Ao longo da transição dos anos, teremos que lidar, de forma direta ou indireta, com temas que a princípio podem causar incômodo, pois estão de certa forma distantes de nossa vida cotidiana.
Neste tópico serão abordados, em EPL, os elementos constituintes da “sociedade brasileira em transição” (FREIRE, EPL, 1975: 39), juntamente com algumas referências a outras obras do autor ou de comentadores, dedicadas, em parte, à reflexão sobre esse conceito.
- O intuito da abordagem é perceber, particularmente em EPL, como Freire conceitua as relações sociais, a partir da concepção de trânsito ou transição da sociedade brasileira, tecendo correspondências distintas entre seus níveis de transitividade e os aspectos que denotam nela, por um lado, a herança de uma consciência submissa e acrítica e, por outro, a superação dessa consciência pela assunção do mundo, enquanto desafio e objeto de transformação.
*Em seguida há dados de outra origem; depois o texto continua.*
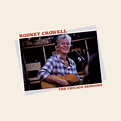 Rodney Crowell 'The Chicago Sessions' Album Review & Tracklist | Holler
Para tanto, é de suma importância destacar na obra o papel do conceito de integração. Em diversos trechos de EPL, Freire faz referência a esse conceito, sem oferecer uma definição específica para ele. Mas uma passagem, em particular, dá uma noção do que, aparentemente, constitui o seu cerne:
- “A integração [do homem] ao seu contexto, resultante de estar não apenas nele, mas com ele, e não a simples adaptação, acomodação ou ajustamento, comportamento próprio da esfera dos contatos, ou sintoma de sua desumanização, implica em que, tanto a visão de si mesmo, como a do mundo, não podem absolutizar-se, fazendo-o sentir-se um ser desgarrado e suspenso ou levando-o a julgar o seu mundo algo sobre o que apenas se acha. A sua integração o enraíza. Faz dele, na feliz expressão de Marcel, um ser ‘situado e datado’” (FREIRE, EPL, 1975: 42).
Parafraseando as palavras de Freire, pode-se dizer que a integração do homem ao seu contexto consiste na construção, por ele, de uma visão de mundo em conjunto com os demais homens – formando, assim, uma visão de mundo social – e, concomitantemente, na sua construção de uma visão de si, entendendo-a como, um só tempo, parte daquela visão e autônoma a ela.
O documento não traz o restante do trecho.